Well, the Times has now basically admitted that very sentiment, albeit with typically pompous, obfuscatory verbiage. The paper's latest display of free-speech fecklessness begins with this image, published Monday:
New York Times
Yep, that's Pope Benedict XVI, made out of condoms.
After the ensuing outrage, Standards Editor Philip B. Corbett issued a remarkable statement essentially codifying the Heckler's Veto into the Times' styleguide:
There's no simple, unwavering formula we can apply in situations like this. We really don't want to gratuitously offend anyone's deeply held beliefs. That said, it's probably impossible to avoid ever offending anyone. We have to make these judgments all the time. Reasonable people might disagree about any one of them. I don't think these situations — the Milwaukee [condom-Pope] artwork and the various Muhammad caricatures — are really equivalent. For one thing, many people might disagree, but museum officials clearly consider this Johnson piece to be a significant artwork. Also, there's no indication that the primary intent of the portrait is to offend or blaspheme (the artist and the museum both say that it is not intended to offend people but to raise a social question about the fight against AIDS). And finally, the very different reactions bear this out. Hundreds of thousands of people protested worldwide, for instance, after the Danish cartoons were published some years ago. While some people might genuinely dislike this Milwaukee work, there doesn't seem to be any comparable level of outrage.
Bolding mine, to highlight the precise terms of the capitulation.
So if you gin up a sufficient "level of outrage" (which, in the Danish cartoon example Corbett cites, includes the murder of more than 200 people), then we will prioritize your ideas about prior restraint.
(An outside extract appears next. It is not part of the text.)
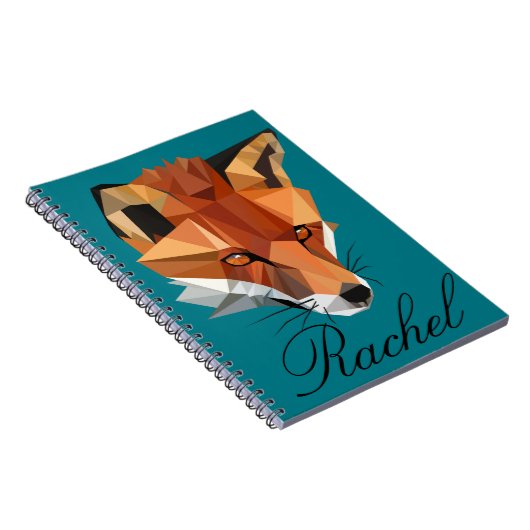 Carnet Coutume de Fox de polygone (Côté Droit)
If, on the other hand, you are modern enough to eschew deadly rioting at the sight of contemporary or historical images demonstrating an intentional racist/collectivist animus against Jews, Japs, blacks or whoever else, then your editorial preferences are basically irrelevant. This is a perfect illustration of the Heckler's Veto, which you can read all about in the Reason archives here.
NYCourts.gov
To be fair to Corbett, he wasn't specifically referring here to the decision not to reprint the file photo of the Mohammed statue. To be even more fair, any intellectually honest "standards editor" would have, since that's the paper's operational standard, high-fallutin' concerns about "significant artwork" and "primary intent" be damned. Recall the NYT's own formulation in its article about the Mohammed courthouse statue in Manhattan:
[I]n 1955 […] the statue was finally removed out of deference to Muslims, to whom depictions of the prophet are an affront. (For the same reason, The New York Times has chosen not to publish photographs of the statue with this article.)
Because "depictions of the prophet are an affront" to Muslims, the Times reasons (inaccurately, as any trip to the U.S. Supreme Court could confirm), the paper will not even show a historical photograph of a significant artwork whose primary intent was to honor Islam's prophet. All because a minority of contemporary Muslims have sporadically used a minority of available Mohammed representations to commit murder.
Contra Corbett, this does represent a "simple, unwavering formula," just not one that reflects well on the news judgment and editorial spine of the nation's allegedly premier newspaper. The deal goes like this: If you drive the death count high enough, the paper will capitulate to your publishing demands.
Such cowardice, if widespread enough, threatens us all, particularly those who live the most bravely. As I wrote on the awful day of January 7,
If more of us were brave, and refused to yield to the bomber's veto, and maybe reacted to these eternally recurring moments not by, say, deleting all your previously published Muhammad images, as the Associated Press is reportedly doing today, but rather by routinely posting newsworthy images in service both to readers and the commitment to a diverse and diffuse marketplace of speech, then just maybe Charlie Hebdo wouldn't have stuck out so much like a sore thumb. It's harder, and ultimately less rewarding to the fanatical mind, to hit a thousand small targets than one large one.